People have gotten PhDs for smaller optimizations. I know. I've worked with them.
> instructions like division and square root are roughly equal to trig functions in cycle count on modern CPUs.
What's the x86-64 opcode for arcsin?
Not required. ATAN and SQRTS(S|D) are sufficient, the half-angle approach in the article is the recommended way.
> People have gotten PhDs for smaller optimizations. I know. I've worked with them.
I understand the can, not sure about the should. Not trying to be snarky, we just seem to be producing PhDs with the slimmest of justifications. The bar needs to be higher.

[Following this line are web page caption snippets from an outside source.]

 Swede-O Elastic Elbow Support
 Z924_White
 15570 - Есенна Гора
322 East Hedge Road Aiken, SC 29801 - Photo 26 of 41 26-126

I couldn't disagree more. Sure, making a 4% faster asin isn't going to change the world, but if it makes all callers a teensy bit faster, multiplied by the number of callers using it, then it adds up. Imagine the savings for a hyperscaler if they managed to made a more common instruction 4% faster.
x86-64 had instructions for the exponential and logarithmic functions in Xeon Phi, but those instructions have been removed in Skylake Server and the later Intel or AMD CPUs with AVX-512 support.

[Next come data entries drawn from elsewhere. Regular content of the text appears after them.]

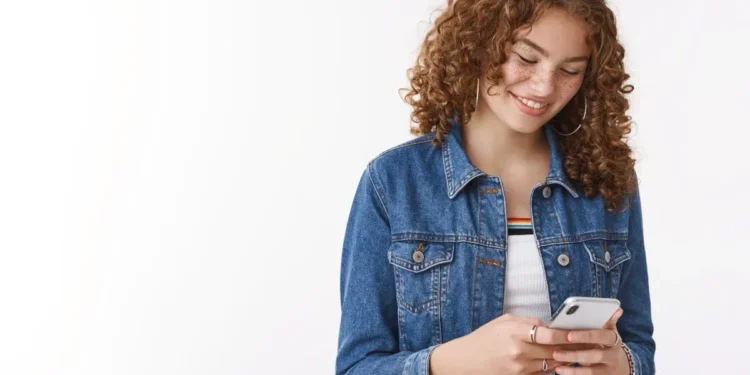 Gamificação transforma estudo para o Enem em aprendizado mais interativo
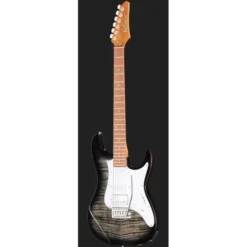Ibanez AZ22S1F-TKS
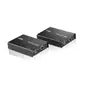 Aten Technologies-VE814AT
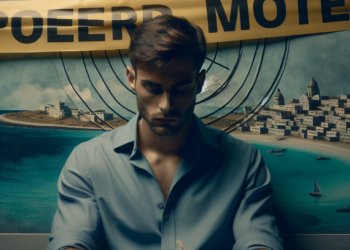 Tanarul din Tulcea este arestat pentru omorare si ascunderea cadavrului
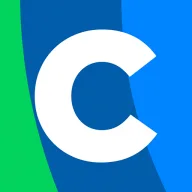 clear-ml
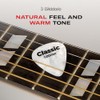 D'Addario Accessories PUAS SET MOD. 1CCB4-10
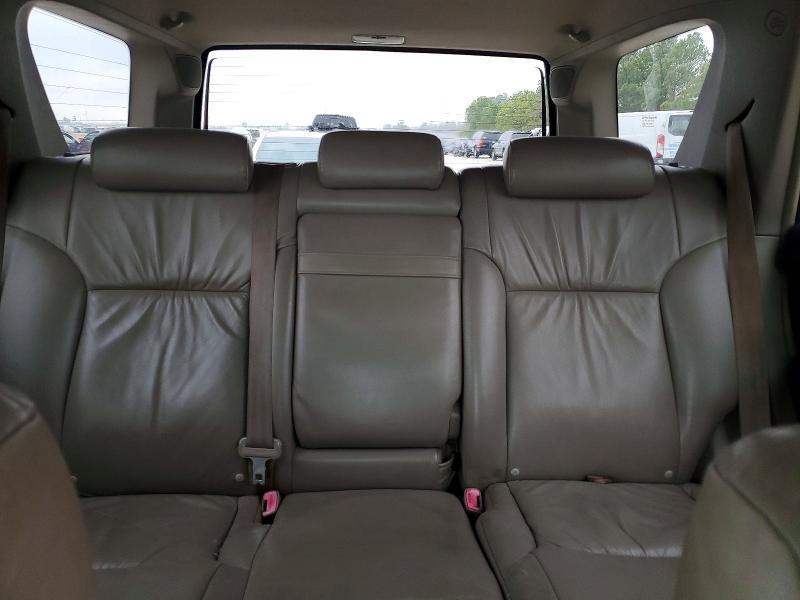 JTEZT17R650020779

However, instructions for trigonometric functions have no longer been added after Intel 80387, and those of 8087 and 80387 are deprecated.

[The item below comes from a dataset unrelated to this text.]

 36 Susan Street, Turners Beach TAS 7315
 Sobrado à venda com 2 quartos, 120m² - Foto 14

I've spent the past few months improving the performance of some work thing by ~8% and the fun I've been having reminds me of the nineties, when I tried to squeeze every last % of performance out of the 3D graphics engine that I wrote as a hobby.
I could imagine some graphics workloads tend compute asin() repeatedly with nearby input values. But I'd guess the locality isn't local enough to matter, only eight double precision floats fit in a cache line.
> if you use smaller data types than double or float. Even dropping interpolation worked fine,
That's kinda tautological isn't it? Of course reduced precision is acceptable where reduced precision is acceptable... I guess I'm assuming double precision was used for a good reason, it often isn't :)
About dropping the interpolation: Yes you are right of course. I was thinking about the speed. No noticable speed improvement by dropping interpolation. The asin calls are only a small fraction of everything.